Acute coronary syndromes. The longitudinal section of an artery depicts the timeline of atherogenesis from a normal artery (1) to lesion initiation and accumulation of extracellular lipid in the intima (2), to the evolution to the fibrofatty stage (3), to lesion progression with procoagulant expression and weakening of the fibrous cap (4). An ACS develops when the vulnerable or high-risk plaque undergoes disruption of the fibrous cap (5); disruption of the plaque is the stimulus for thrombogenesis. Thrombus resorption may be followed by collagen accumulation and smooth muscle cell growth (6). Following disruption of a vulnerable plaque, patients experience ischemic discomfort resulting from a reduction of flow through the affected epicardial coronary artery.

The flow reduction may be caused by a completely occlusive thrombus ( bottom half, right ) or subtotally occlusive thrombus ( bottom half, left ).

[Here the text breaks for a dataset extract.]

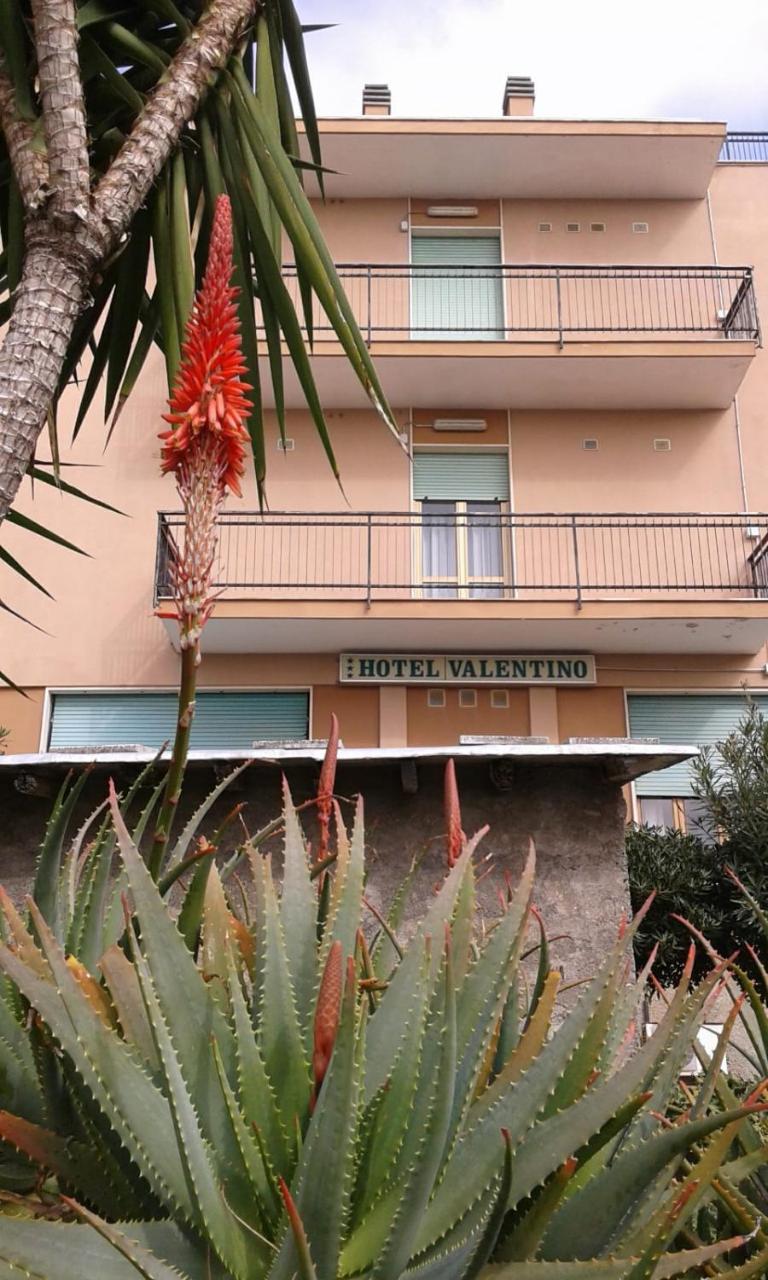 לאווניה Hotel Valentino מראה חיצוני תמונה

Patients with ischemic discomfort may present with or without ST-segment elevation on the ECG. Of patients with ST-segment elevation, most ultimately develop a Q-wave MI (QwMI), whereas a few develop a non–Q-wave MI (NQMI). Patients who present without ST-segment elevation are suffering from unstable angina or a NSTEMI, a distinction made on the presence or absence of a serum cardiac marker such as CK-MB or a cardiac troponin. The spectrum of clinical presentations ranging from unstable angina through NSTEMI and STEMI are referred to as the acute coronary syndromes. Dx, diagnosis; CK-MB, MB isoenzyme of creatine kinase.

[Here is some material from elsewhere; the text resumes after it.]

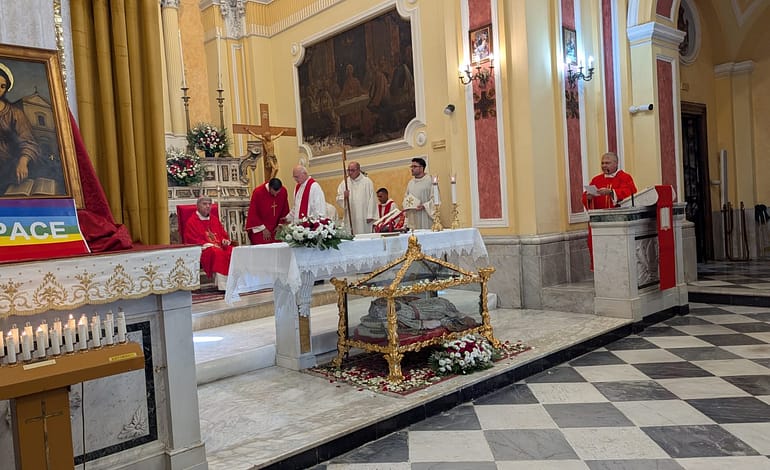 L’accoglienza di don Pasquale Muto al Cardinale Domenico Battaglia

(From Antman EM, Braunwald E: ST-elevation myocardial infarction: Pathology, pathophysiology, and clinical features. In Libby P, Bonow RO, Mann DL, Zipes D [eds]: Braunwald’s Heart Disease, 8th ed. Philadelphia, Saunders Elsevier, 2008, pp 1207-1232.)




Clinical Setting


Most patients who present with an acute coronary syndrome have an antecedent history of angina pectoris, and approximately 80% have a prior history of coronary artery disease. Three fourths of patients with NSTEMI and slightly more than half of patients with UA are male. However, women predominate among the rapidly expanding older population with unstable angina.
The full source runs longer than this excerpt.